One of the great things about co-housing for me is that neighbors often compensate or fill in for gaps in my own interests and abilities. Consider, for example, that my 9-year-old daughter lacked a costume with just a couple days to go before Halloween. She didn’t even have a concept yet, let alone a functioning costume, and this weighed on me. I have to confess that I’ve never been a big Halloween fan in the first place; I like the idea of creating fun costumes, but buying plastic costumes and knocking on other people’s doors to ask for candy just irks me. Do we really need any more plastic or sugar in our lives?

Well, thanks to close relationships with our co-housing neighbors, my daughter got an idea from a good friend a few houses away—her friend suggested they dress up as two bags of jelly beans, and my daughter was enthusiastic about working out this costume idea with a buddy. The girls did ask for some adult help here and there but mostly they pulled it off themselves and had a ball in the process. Candy and plastic aside, I’m happy—I’ve advanced two goals in my life: facilitating my daughter’s developing independence and finding opportunities for synergy with neighbors and friends.

Co-housing can make finding these opportunities for synergy so much easier. Trite as it sounds, life is easier and happier when you share both burdens and joys, provided that is what you are seeking. So, for the holidays, here are five things I’ve learned from my neighbors about making it more fun, more interesting, more connected, and more meaningful.

Nubi outing club on a local hike in late fall

Go outside, even when the days are short and the temperatures drop.
Nothing changes restless energy like cold, fresh air. There are lots of things to notice in a late autumn landscape. At Nubi, we are lucky to have a pond which typically freezes in December. Ideally, we can fit in a little ice-skating before significant snow arrives. We watch the water freeze, first in tractor tracks on the fields, later in the pond. We drill and measure the ice, listen for cracking, and get out our skates.

Neighbors of all ages discuss Farmer Boy

Connect celebrations with your own interests and goals.
I love reading and music, so my favorite holiday traditions at Nubi are a book discussion group, a contra-dancing party, and the New Year’s day neighborhood house concert. It turns out that many neighbors share my interests.

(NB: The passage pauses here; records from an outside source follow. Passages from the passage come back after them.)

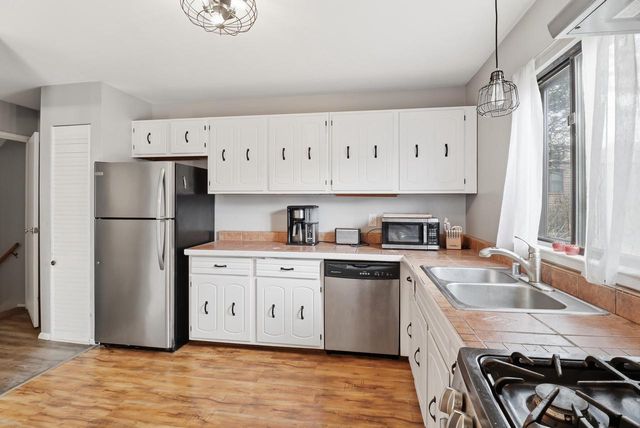 9228 N 70th STREET, Milwaukee, WI 53223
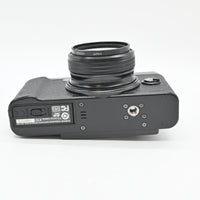 【美品】FUJIFILM デジタルカメラ X10 F FX-X10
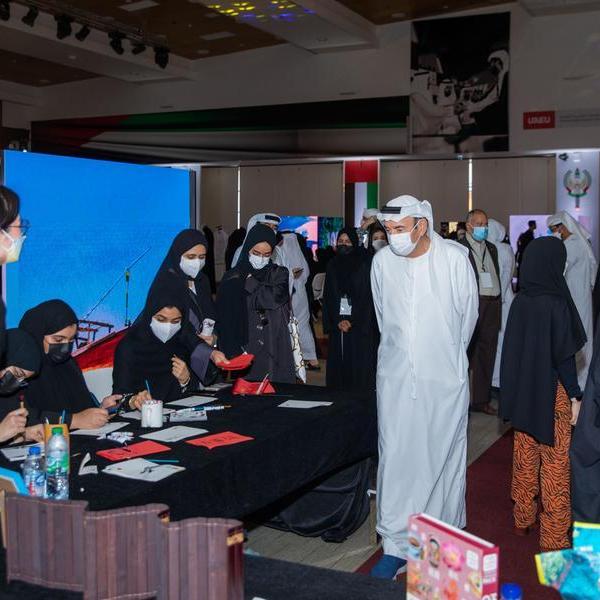 Zaki Nusseibeh honours volunteers ‎in UAEU Pavilion at Expo 2020 Dubai
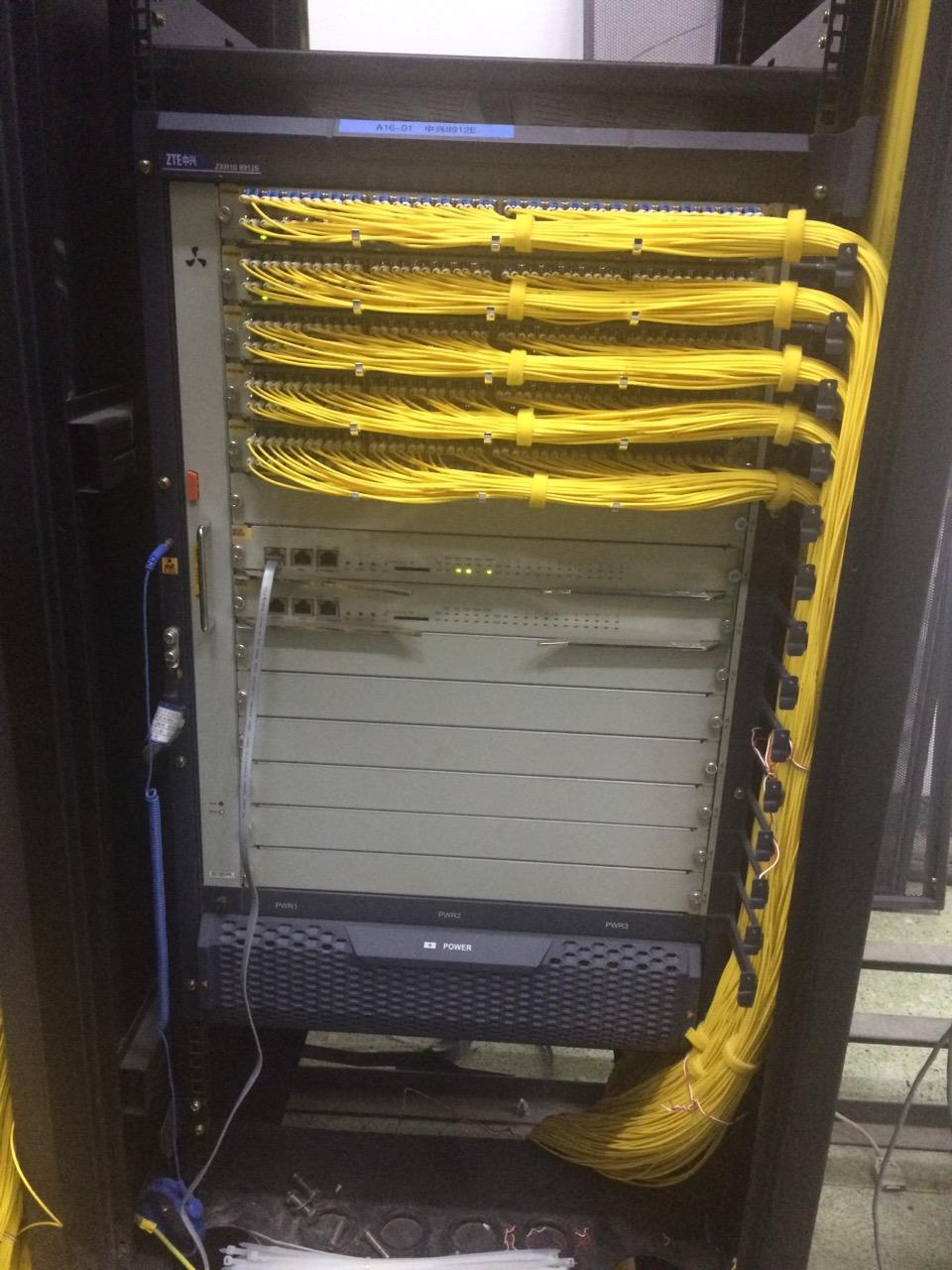 大机房机柜走线和整理有没有一般人不知道的辅助工具组件和技巧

Decorating gingerbread lanterns

Build traditions on local talent.
Instead of looking far afield for inspiration, focus close to home. One of our neighbors, a music teacher and pianist, organizes and acts as master of ceremonies for the annual neighborhood concert, with grace and humor. Another neighbor, a terrific baker and organizer, leads the neighborhood in an annual gingerbread construction project.

Connect food with activities.
While I love to eat as much as the next person, something about the excessive focus on eating around the holidays is depressing. I’ve noticed that by sidelining holiday treats to fun activities, some of that focus on food shifts away. We exchange secret gnome gifts with a side of hot cocoa and cookies.

Learn from other people’s rituals, religious and otherwise.
Rather than watering down rituals to develop traditions that work for everyone, invite and celebrate diversity. One of our neighbors invites the neighborhood kids to light candles on the 8 evenings of Hanukkah. Another invites a Kirtan group to meet in our Common House regularly. Another helps to organize a meditation labyrinth on New Year’s Day. Vive la difference!